Incidentally, I cheered so much while reading this very polite but very pointed rant by Somak Ghoshal on India’s English-language publishing.
Back to Railsong (what a perfect, perfect title too). The novel is a portrait of a newly-independent India, embodied by and seen through the eyes of Miss Charu Chitol. As a child, Charu haunted by the loss of her mother and the deprivations wrought upon them by famine. Beloved of her father, who works in the Indian Railways, and brothers, Charu feels trapped in small-town Bihar and as soon as she can, she makes a daring escape to the big city of Mumbai. There she becomes one of that pioneering set of young women who stepped out of the cloister of the home, and became working women.

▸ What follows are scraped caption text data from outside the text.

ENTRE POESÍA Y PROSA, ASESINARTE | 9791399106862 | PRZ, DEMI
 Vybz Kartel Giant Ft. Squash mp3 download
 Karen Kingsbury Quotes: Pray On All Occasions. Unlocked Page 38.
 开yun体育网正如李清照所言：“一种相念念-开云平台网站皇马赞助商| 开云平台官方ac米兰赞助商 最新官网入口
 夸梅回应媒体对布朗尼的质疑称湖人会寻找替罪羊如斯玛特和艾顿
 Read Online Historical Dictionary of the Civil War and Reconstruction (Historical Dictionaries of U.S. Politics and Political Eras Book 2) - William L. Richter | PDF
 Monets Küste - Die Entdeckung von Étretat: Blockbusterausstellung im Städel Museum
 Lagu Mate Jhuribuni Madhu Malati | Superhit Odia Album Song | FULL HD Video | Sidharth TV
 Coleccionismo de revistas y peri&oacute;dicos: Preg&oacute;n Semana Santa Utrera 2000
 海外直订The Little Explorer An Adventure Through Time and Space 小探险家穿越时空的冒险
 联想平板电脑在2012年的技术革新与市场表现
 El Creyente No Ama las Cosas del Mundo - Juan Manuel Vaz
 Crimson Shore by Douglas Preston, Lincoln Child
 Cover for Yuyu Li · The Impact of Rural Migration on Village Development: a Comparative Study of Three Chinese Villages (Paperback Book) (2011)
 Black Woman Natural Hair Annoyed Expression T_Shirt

Bhattacharya writes English that feels quintessentially Indian because of the way he harnesses the rhythms of our distinctive grammar and the song of our vocabulary. There’s nothing caricaturish about this Indian English, which is what makes it such a joy to read. Within a few sentences of reading Railsong, you can hear it in your head and every one has a distinct voice — the narrator, Charu’s socialist father, Charu herself, the bright-eyed flirt who wants to impress her, the imperious clerk in the government office, the in-laws who don’t mind their son’s wife working in an office but demand she do her bit of domestic labour and expect their daughter in-law to be “with child” as soon as possible.
Railsong is at its best when Charu is a child and as she grows into womanhood. Even as a young woman, Charu is charm personified as she makes sense of the world around her, armed with her innocence, determination and rough edges. The voice and storytelling feel more weighed down by intention and artifice as Charu grows older. On more than one occasion in the latter half of the novel, the grown-up Charu feels more like a narrative device than a flesh and blood character. As the plot progresses, episodes start feeling too pointedly like a chronicle of India’s political changes. The messiness of a lived life (palpable in the first half of the novel) gives way to a neatly-organised chronology, which feels important rather than immersive. However, this is arguably me being nitpicky because the first half of Railsong is perfect.
Right, I’ve got to go and venture into the Hindu rashtra that is Kolkata now, so I’ll sign off here. Before I go: While writing this, I remembered that as a kid, I’d read Macbeth and loved the three witches, but got confused with the words of their chant. So instead of “Double, double toil and trouble”, I kept thinking it was, “Bubble, bubble, toil and trouble.”
Evidently, even as a kid, I knew bubbles were the best counterbalance for toil and trouble.
Take care and thank you for reading Dear Reader.